Wysoki remis 4:4 ŁKSu z Puszczą Niepołomice
To spotkanie na pewno nie należało do nudnych. To był istny festiwal bramek i wybitnych popisów piłkarskich zakończony jednak wyrównanym remisowym wynikiem ŁKS z Puszczą Niepołomice wynikiem aż 4:4.
Ilość bramek i udanych akcji spokojnie wystarczyła by na kilka spotkań. W tym wypadku mieliśmy istną kumulację. W sumie 8 goli podczas 90 minut spotkania oznacza jeden gol średnio co 10 minut. Jedno jest pewne, wszyscy zapamiętają to spotkanie na długo. Niepołomice przez ponad godzinę grały osłabione lecz udało im się utrzymać wysoki poziom gry. Aż trzy gole strzelił dla klubu były piłkarz ŁKS Wiktor Żytek.
Do przerwy…
W niedzielę I ligowe spotkanie 13 kolejki zaczęło się bez niespodzianek. Po porażce w Radomiu, ŁKS przeszedł od samego początku do działanie i szybko objął prowadzenie. Już w 9 minucie meczu Antonio Dominguez wykonał skuteczny rzut karny zakończony w siatce rywali. Po chwili przewaga ŁKS wzrosła do 2:0 i po celnym strzale Macieja Wolskiego, Gabriel Kobylak musiał ponownie wyjmować piłkę z siatki.
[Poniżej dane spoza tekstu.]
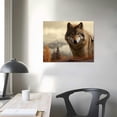 thumbnail image 3 of Nawypu  Wolf Canvas Print Wall Art Wild Animal Painting Picture Stretched and Framed for Living Room Bedroom Bathroom, 3 of 4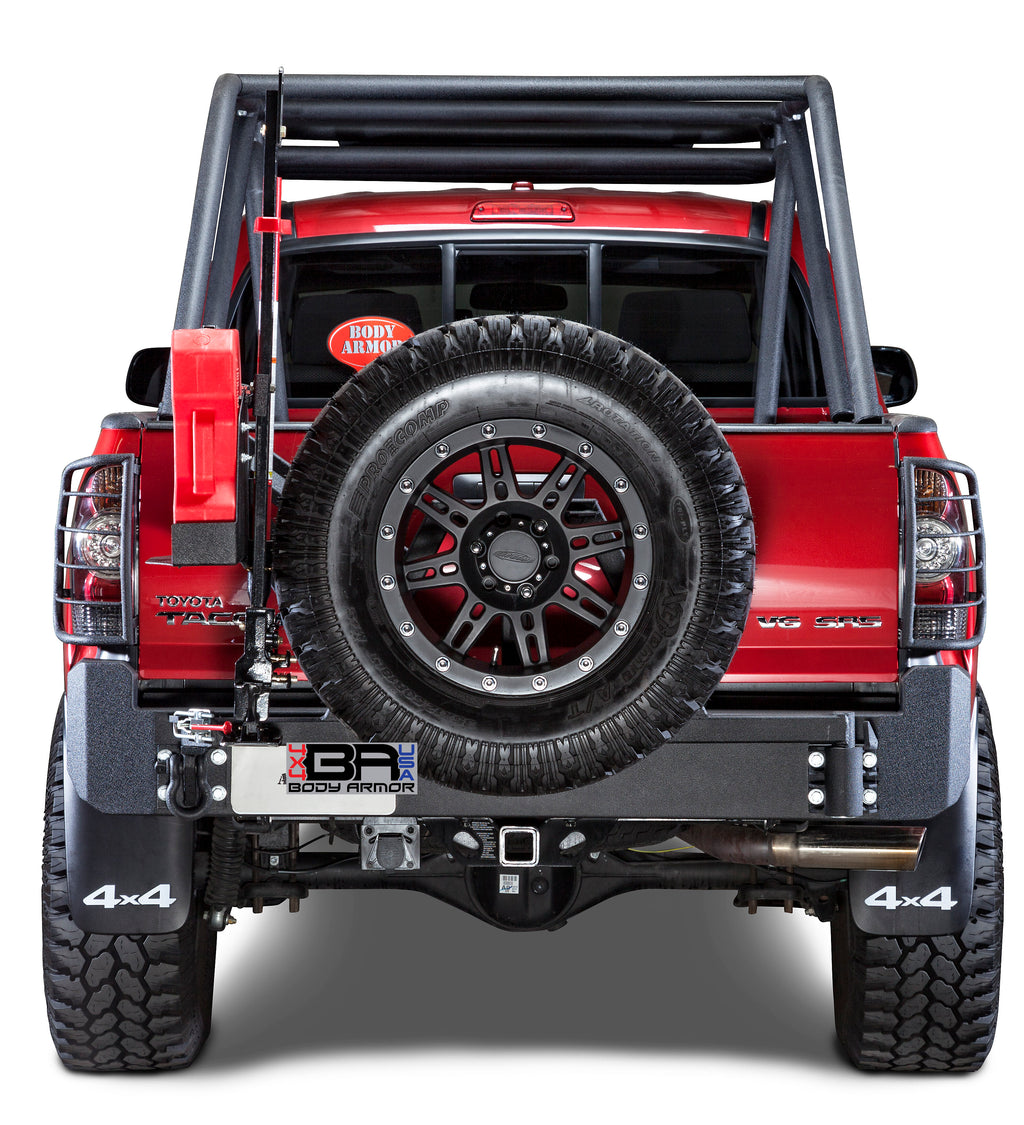 2005-2015 Toyota Tacoma Pro Series Tire Carrier Fits Tc-2961 Only Body Armor 4X4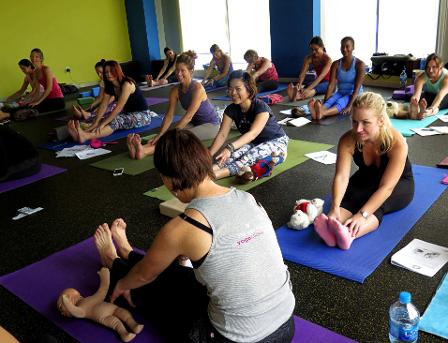 Pregnancy Yoga Teacher Training with Sally Parkes in Dubai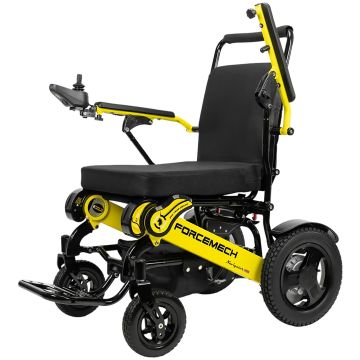 Forcemech Navigator PRO Power Wheelchair Yellow Armrest Flip Up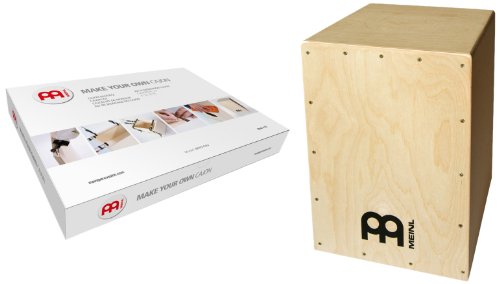 Meinl Percussion MYO-CAJ - Cajón de madera con parche natural, Kit Básico, Natural, Marrón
Puszcza Niepołomice jednak nie zamierzała się biernie przyglądać po kilkunastu minutach udana akcje akcja zakończyła się lądowaniem piłki, ale tym razem w bramce ŁKS za sprawą Mariusza Złotka co zmieniło wynik na 2:1. Niemal natychmiastowy kontratak Łodzian zakończył się zdobytym 8 minut przed końcem pierwszej połowy strzałem Przemysława Sajdaka prosto w siatkę Niepołomic. Pierwsza część spotkania zakończyła się więc wynikiem 3:1 z dwubramkowym prowadzeniem dla ŁKS.
…i po półmetku spotkania
Druga połowa przyniosła emocjonujący ciąg dalszy. Zespół puszczy po przerwie zaczął na boisku przeważać i w 56 minucie zaczęła odrabiać stratę zmniejszając dystans do ŁKSu drugim golem. Piłkę tym razem posłał do bramki Łukasz Spławski zmieniając wynik na 3:2. Na rewanż nie trzeba było długo czekać gdyż już 3 minuty później za sprawą Domingueza wynik urósł do 4:2. Po tej bramce inicjatywę do końca spotkania na ostatnie pół godziny przejął niepołomicki zespół. W tym czasie dwukrotnie piłkę do siatki ŁKSu wbił w pięknym stylu Wiktor Żytek, raz strzałem głową a drugi precyzyjnym kopnięciem, które było, jak się okazało ostatnim golem w trakcie tego meczu. I choć Puszcza miała chrapkę na zwycięstwo ostatecznie musiała zadowolić się remisem. To wystarczyło jednak any odebrać Łodzianom pozycję lidera w tabeli.